EXERCISE AIM |
There is one span to output from the data below: the lines starting at the line with "GE Lighting LED" and ending at the line with "Knjiga Freaky Dancing: The". Output it exactly, ends included, nothing more.

INFORMATION SUPPLIED below:

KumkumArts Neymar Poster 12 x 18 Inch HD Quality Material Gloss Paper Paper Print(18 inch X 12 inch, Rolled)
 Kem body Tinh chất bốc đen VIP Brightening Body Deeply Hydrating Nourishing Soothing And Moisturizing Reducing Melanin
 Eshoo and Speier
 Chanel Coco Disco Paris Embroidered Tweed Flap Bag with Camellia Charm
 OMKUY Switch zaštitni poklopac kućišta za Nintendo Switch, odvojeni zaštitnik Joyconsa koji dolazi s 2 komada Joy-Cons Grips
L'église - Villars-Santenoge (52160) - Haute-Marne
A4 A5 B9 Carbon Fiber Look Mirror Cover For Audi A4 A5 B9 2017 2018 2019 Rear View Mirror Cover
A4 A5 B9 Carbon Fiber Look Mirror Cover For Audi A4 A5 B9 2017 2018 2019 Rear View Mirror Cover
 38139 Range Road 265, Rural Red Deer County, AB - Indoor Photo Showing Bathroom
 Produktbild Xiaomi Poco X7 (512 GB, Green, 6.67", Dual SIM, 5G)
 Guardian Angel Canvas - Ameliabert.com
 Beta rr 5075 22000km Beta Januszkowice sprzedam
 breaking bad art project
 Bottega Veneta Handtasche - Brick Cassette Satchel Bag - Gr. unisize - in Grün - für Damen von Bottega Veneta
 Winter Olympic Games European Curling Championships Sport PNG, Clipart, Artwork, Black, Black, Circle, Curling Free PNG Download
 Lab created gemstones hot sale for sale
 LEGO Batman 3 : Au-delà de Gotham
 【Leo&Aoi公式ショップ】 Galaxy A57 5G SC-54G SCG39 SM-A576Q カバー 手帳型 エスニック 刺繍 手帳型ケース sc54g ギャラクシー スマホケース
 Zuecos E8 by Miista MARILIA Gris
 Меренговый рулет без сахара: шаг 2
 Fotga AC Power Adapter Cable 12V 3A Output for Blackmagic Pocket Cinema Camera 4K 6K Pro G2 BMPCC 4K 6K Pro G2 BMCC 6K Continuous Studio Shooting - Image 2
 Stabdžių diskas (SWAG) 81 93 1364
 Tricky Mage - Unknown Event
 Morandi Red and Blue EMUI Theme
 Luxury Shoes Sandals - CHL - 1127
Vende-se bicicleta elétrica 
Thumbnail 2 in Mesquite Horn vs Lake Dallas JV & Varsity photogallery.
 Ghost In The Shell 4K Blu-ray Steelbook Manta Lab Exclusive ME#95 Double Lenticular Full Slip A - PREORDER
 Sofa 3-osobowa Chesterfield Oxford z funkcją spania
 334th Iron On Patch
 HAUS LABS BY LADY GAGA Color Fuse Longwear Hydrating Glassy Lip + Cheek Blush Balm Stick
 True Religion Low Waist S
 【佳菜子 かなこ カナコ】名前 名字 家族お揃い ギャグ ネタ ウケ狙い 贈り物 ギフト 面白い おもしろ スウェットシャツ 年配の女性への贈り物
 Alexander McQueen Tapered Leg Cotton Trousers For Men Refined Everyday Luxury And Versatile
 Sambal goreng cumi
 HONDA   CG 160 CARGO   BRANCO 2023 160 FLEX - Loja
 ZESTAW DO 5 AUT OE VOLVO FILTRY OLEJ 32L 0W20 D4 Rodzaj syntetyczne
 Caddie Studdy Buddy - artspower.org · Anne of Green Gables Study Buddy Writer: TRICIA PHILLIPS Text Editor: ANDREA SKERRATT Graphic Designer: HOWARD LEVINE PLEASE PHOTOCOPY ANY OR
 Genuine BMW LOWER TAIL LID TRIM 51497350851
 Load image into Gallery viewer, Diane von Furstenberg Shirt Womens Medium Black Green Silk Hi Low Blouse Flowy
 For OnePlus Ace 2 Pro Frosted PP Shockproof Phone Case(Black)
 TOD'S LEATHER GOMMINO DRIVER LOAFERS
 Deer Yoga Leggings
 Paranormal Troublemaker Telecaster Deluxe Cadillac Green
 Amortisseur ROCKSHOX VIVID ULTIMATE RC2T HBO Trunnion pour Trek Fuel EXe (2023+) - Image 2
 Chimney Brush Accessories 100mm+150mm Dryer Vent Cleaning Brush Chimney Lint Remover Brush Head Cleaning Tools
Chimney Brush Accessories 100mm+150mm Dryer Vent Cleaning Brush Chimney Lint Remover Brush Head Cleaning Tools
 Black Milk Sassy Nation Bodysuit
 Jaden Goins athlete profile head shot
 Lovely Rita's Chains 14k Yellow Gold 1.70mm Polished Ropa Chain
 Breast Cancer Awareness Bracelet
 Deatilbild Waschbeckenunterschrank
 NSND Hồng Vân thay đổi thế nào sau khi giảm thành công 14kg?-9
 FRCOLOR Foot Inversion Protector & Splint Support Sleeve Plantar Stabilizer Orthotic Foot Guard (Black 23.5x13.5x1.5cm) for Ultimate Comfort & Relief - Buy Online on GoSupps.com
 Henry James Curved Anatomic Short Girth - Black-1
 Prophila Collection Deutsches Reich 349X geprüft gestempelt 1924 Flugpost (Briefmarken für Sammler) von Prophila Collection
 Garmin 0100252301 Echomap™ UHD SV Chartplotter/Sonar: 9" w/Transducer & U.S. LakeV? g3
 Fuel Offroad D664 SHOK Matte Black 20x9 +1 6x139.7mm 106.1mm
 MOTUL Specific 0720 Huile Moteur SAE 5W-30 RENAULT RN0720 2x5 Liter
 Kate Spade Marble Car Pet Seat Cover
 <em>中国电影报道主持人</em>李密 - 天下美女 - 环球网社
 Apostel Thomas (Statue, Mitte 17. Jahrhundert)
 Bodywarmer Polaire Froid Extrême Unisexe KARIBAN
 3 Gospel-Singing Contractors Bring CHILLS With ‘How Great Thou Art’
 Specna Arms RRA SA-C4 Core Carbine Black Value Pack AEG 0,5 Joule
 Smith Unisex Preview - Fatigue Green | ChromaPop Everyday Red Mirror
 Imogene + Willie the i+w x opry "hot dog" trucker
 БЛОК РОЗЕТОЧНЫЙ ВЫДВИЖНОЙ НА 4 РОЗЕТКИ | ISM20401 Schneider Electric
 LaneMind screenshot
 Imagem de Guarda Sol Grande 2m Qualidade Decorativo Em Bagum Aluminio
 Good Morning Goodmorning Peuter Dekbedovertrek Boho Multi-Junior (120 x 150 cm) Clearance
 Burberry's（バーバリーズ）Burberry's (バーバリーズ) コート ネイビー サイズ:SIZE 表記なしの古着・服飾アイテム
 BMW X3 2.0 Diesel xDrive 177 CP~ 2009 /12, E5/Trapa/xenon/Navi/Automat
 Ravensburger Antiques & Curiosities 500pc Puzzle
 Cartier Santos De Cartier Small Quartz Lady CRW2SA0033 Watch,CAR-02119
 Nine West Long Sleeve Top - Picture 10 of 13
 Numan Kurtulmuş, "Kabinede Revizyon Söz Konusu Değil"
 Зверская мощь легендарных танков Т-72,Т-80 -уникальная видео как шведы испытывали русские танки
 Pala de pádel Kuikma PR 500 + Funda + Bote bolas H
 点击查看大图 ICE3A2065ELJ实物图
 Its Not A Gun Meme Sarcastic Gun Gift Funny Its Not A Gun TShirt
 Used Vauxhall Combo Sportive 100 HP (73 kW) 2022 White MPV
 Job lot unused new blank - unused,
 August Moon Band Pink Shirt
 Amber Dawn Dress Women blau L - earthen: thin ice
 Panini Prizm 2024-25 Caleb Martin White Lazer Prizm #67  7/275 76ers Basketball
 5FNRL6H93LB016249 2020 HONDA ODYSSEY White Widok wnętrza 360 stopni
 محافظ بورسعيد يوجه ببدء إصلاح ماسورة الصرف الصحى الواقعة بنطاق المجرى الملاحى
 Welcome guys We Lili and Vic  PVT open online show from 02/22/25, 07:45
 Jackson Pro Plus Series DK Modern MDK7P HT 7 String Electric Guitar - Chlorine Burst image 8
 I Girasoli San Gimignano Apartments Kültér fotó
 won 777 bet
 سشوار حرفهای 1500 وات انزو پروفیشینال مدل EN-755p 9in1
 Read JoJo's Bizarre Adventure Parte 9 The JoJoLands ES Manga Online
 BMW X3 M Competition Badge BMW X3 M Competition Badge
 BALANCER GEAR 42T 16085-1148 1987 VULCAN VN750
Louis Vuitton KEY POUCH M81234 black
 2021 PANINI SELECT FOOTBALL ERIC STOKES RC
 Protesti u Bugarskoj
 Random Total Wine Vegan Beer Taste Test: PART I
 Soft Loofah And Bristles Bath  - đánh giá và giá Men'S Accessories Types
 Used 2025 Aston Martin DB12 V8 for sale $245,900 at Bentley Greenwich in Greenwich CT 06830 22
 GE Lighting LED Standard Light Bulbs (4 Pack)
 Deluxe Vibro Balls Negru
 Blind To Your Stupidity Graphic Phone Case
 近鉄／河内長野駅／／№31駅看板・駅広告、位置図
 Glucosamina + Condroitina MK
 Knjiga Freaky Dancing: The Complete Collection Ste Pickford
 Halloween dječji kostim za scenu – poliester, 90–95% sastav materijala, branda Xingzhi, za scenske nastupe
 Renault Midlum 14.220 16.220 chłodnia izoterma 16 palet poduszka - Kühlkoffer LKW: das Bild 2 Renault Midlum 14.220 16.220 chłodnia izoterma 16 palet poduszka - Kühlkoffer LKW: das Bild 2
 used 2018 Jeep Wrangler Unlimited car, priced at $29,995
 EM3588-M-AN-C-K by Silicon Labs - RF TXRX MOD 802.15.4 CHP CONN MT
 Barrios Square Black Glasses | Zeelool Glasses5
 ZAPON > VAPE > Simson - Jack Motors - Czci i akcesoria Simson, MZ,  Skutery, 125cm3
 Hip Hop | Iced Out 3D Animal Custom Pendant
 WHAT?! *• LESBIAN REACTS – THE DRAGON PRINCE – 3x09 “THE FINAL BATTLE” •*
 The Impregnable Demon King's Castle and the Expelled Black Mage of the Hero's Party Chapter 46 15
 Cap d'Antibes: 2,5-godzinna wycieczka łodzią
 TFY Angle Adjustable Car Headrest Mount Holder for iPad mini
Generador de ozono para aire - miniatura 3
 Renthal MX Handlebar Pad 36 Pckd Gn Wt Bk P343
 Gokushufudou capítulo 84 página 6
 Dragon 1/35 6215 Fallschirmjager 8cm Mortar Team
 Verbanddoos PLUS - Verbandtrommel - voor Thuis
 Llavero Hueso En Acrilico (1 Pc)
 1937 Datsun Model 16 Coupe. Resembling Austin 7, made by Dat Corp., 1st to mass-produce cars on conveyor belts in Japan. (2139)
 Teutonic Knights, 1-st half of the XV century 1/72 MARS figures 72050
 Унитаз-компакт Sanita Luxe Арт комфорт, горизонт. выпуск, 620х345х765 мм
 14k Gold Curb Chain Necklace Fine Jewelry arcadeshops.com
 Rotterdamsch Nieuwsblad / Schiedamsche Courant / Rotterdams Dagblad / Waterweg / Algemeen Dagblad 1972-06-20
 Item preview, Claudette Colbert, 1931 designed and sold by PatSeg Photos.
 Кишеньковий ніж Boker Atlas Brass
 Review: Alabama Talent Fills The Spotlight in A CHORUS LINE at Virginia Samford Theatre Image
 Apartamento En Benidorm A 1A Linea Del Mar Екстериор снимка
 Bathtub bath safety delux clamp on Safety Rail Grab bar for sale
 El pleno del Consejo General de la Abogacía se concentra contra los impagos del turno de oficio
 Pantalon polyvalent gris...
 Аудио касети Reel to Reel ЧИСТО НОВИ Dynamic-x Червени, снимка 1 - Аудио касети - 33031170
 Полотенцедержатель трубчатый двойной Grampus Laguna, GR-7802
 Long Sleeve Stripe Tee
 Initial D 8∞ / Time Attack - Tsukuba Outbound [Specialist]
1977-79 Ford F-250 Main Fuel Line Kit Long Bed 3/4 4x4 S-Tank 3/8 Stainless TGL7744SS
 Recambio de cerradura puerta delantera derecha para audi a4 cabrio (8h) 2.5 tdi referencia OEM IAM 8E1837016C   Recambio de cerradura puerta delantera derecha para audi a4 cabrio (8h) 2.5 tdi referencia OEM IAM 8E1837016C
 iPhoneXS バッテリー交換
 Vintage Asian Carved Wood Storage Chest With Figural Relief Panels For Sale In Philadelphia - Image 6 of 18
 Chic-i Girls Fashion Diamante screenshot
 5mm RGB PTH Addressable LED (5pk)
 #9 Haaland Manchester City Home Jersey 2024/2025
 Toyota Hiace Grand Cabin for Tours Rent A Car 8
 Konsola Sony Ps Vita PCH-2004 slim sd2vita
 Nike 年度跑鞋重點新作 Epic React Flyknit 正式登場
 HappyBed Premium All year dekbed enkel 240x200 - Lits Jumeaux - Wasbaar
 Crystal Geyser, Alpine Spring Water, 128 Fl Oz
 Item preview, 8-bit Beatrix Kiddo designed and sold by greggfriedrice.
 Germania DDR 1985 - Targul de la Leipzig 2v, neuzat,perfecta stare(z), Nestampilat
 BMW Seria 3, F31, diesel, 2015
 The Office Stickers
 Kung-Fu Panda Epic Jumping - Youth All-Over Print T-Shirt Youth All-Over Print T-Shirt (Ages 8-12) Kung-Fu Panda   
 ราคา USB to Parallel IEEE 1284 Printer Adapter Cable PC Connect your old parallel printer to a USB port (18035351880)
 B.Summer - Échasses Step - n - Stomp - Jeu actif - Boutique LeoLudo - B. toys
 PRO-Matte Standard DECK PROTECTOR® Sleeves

End of INFORMATION SUPPLIED.

THE COMPLETED TASK |
 GE Lighting LED Standard Light Bulbs (4 Pack)
 Deluxe Vibro Balls Negru
 Blind To Your Stupidity Graphic Phone Case
 近鉄／河内長野駅／／№31駅看板・駅広告、位置図
 Glucosamina + Condroitina MK
 Knjiga Freaky Dancing: The Complete Collection Ste Pickford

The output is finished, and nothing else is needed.